Wedding Planning Tips & Tricks

‘Tis the season to get engaged!

With Christmas Eve & Christmas Day sharing the spot for most popular days to drop to one knee, New Years follows as a close second and Valentine’s Day is not far behind in third place. Once you have the ring and have shared the wonderful news, it’s time to get planning! But, where do you start?! Location? Date? Guest list? Budget? Bridal party? Photographer? Caterer? GAH! Before you know it you are a muddled mess with a case of wedding planning blues and an idea to elope with your sweetie. Now, elopement is not a bad idea, however, planning a full wedding does not have to be stressful or difficult. I reached out to some wonderful couples who have been there, done that and they shared their advice on where to start, how to tackle things, and how to enjoy the whole planning process.
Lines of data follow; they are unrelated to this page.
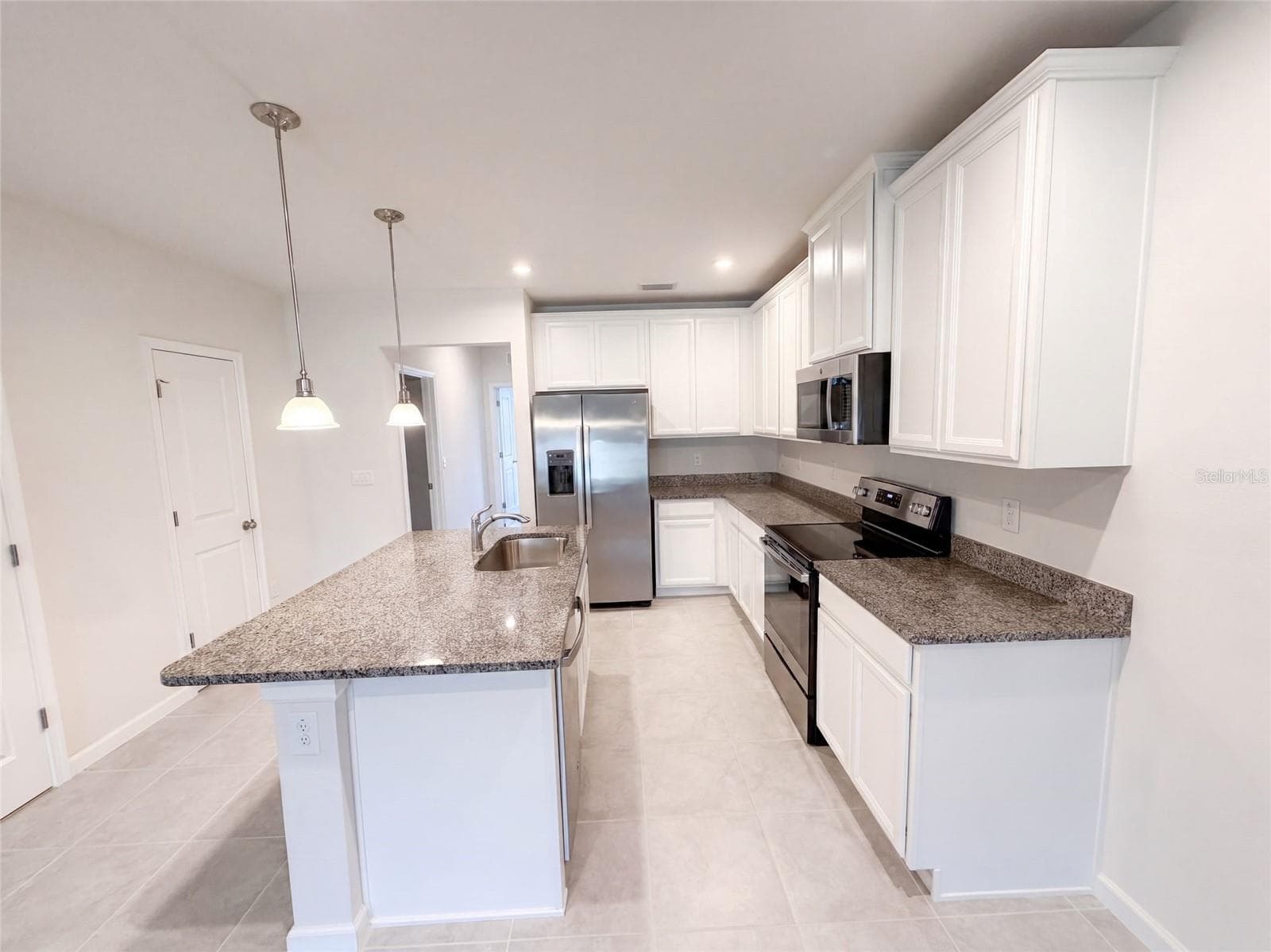 Townhouse at 17917 TURNING LEAF CIR, LAND O LAKES, photo 6 of 31
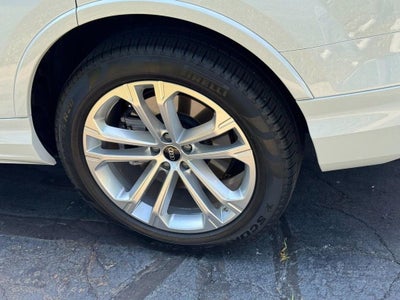 2025 Audi Q7 Premium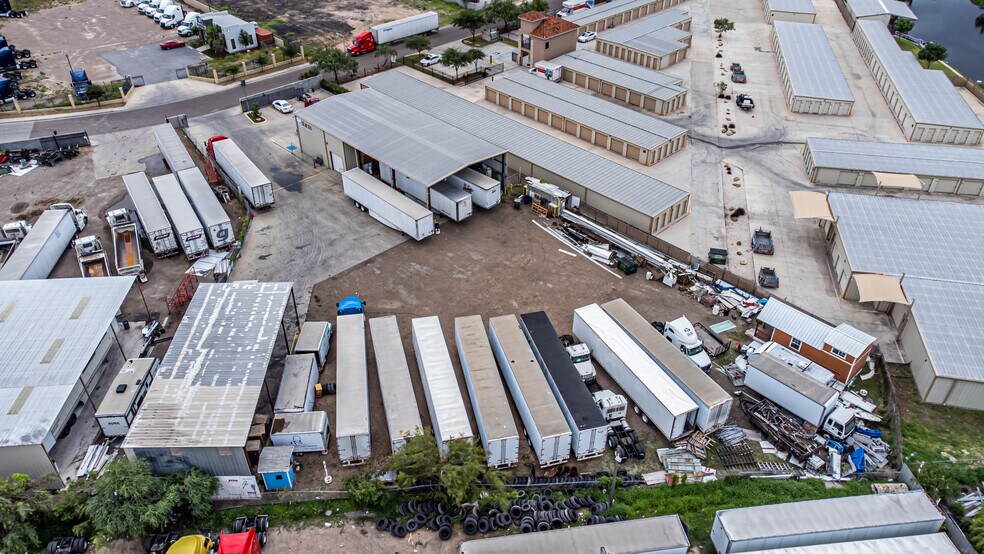 More Photos Of 7416 El Dorado Ct, Laredo Service For Sale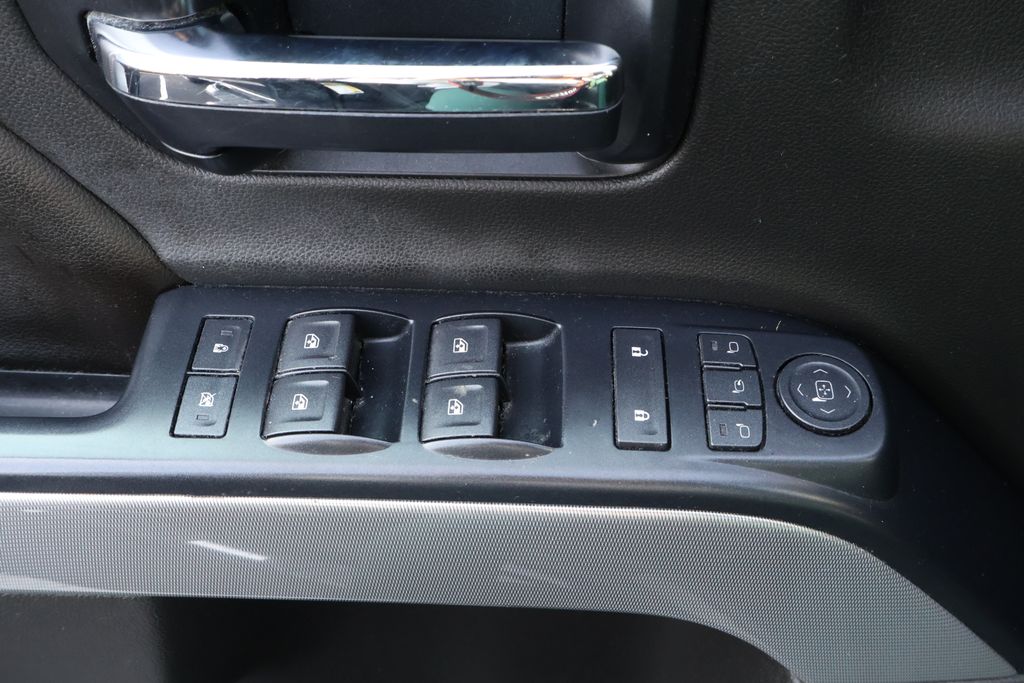 Thumbnail: 2014 Chevrolet Silverado 1500 - 15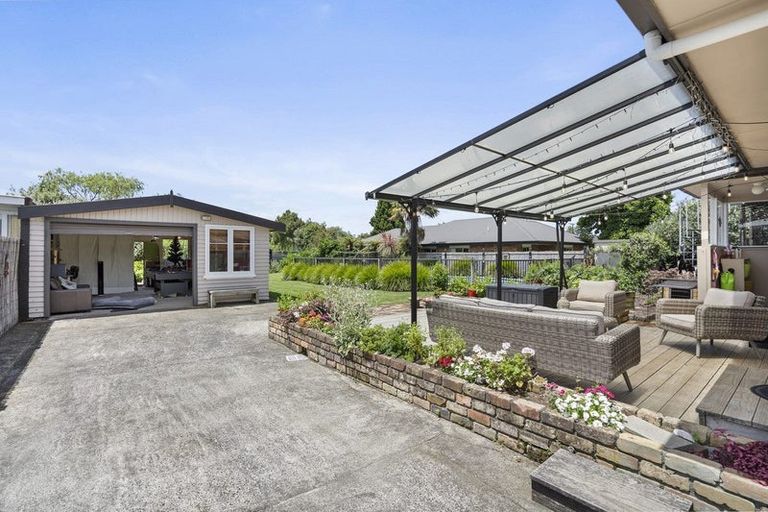 Photo of property in 298 Shakespeare Street, Leamington, Cambridge, 3432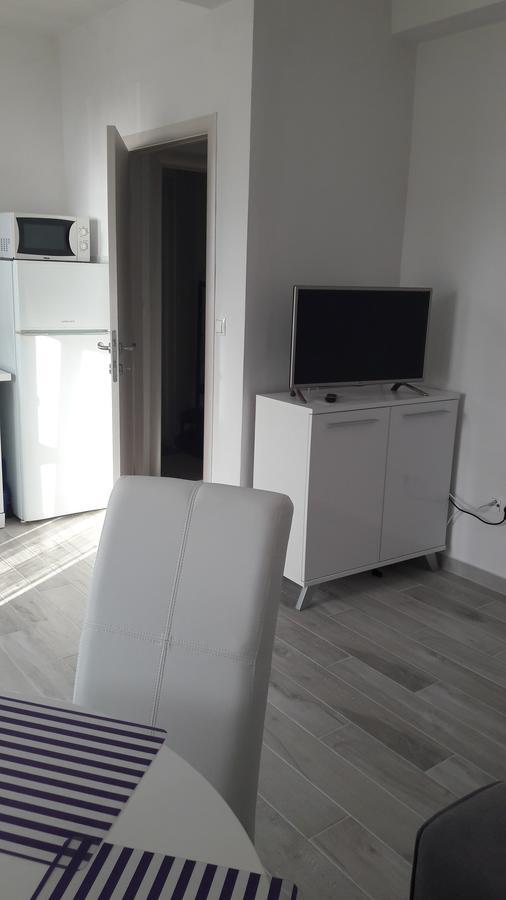 Apartments Renjak Sukošan エクステリア 写真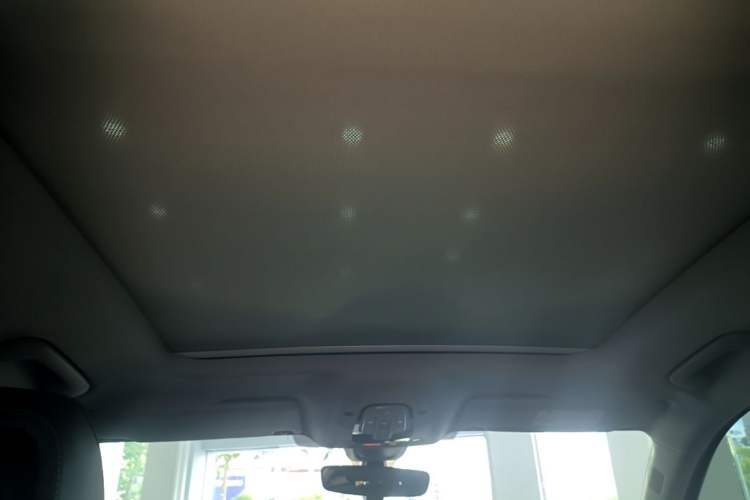 Used Audi Q5L 2022 Updated 45T Luxury Dynamic Version Headliner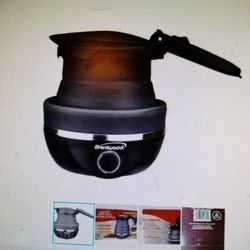 Travel Kettle, Dual Voltage, 3.4 Cups, NEW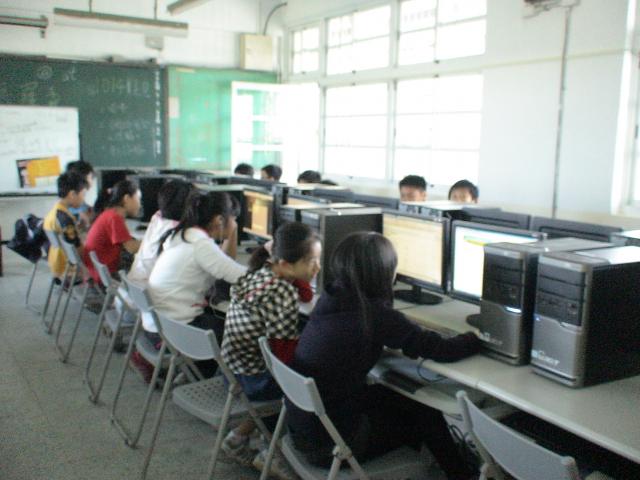 大家一起認真練習中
If you have additional advice to share, please leave a comment below. 🙂 Thank you to everyone who put the time into sharing advice for this collaborative post! ~Kathleen

Where to start?

“Get organized…While some brides might opt for a traditional wedding planner, I strongly suggest creating an excel spreadsheet of things to do, complete with the due date and the person in charge (or use Google’s free one!). It’s easier to share (especially with the groom) so everyone is on the same page.” Muna & Irving, August 2011

“Make a point, early on, to talk about what your decision-making process is going to be.  There are going to be LOTS of decisions that have to be made, both big and small, and knowing how to approach these will lead to happy outcomes.” Mollie & Nia, May 2011

“First thing we did was make a list of all of the people we thought we would want to invite. This will make a difference when you are trying to find a location. Once we did that we thought about the time of year we wanted to get married. We really wanted a fall wedding but with school that was not the best choice for us. So we decided on summer.” Liz & Kevin, July 2011

“Book your church…you have to get the date you want first.” Mary, Mother of the Bride: Maria & Matt, July 2011

“It’s ok to have a wedding on a Tuesday, or even two weddings. As long as the photographer is cool with that.” Steve & Brianne, September 2011 ** Steve & Brianne had an intimate ceremony and celebration with their closest family and friends on a Tuesday at their family home and then had a much larger celebration with their extended family and friends on the following Saturday. A great way to spread out the celebration and your budget!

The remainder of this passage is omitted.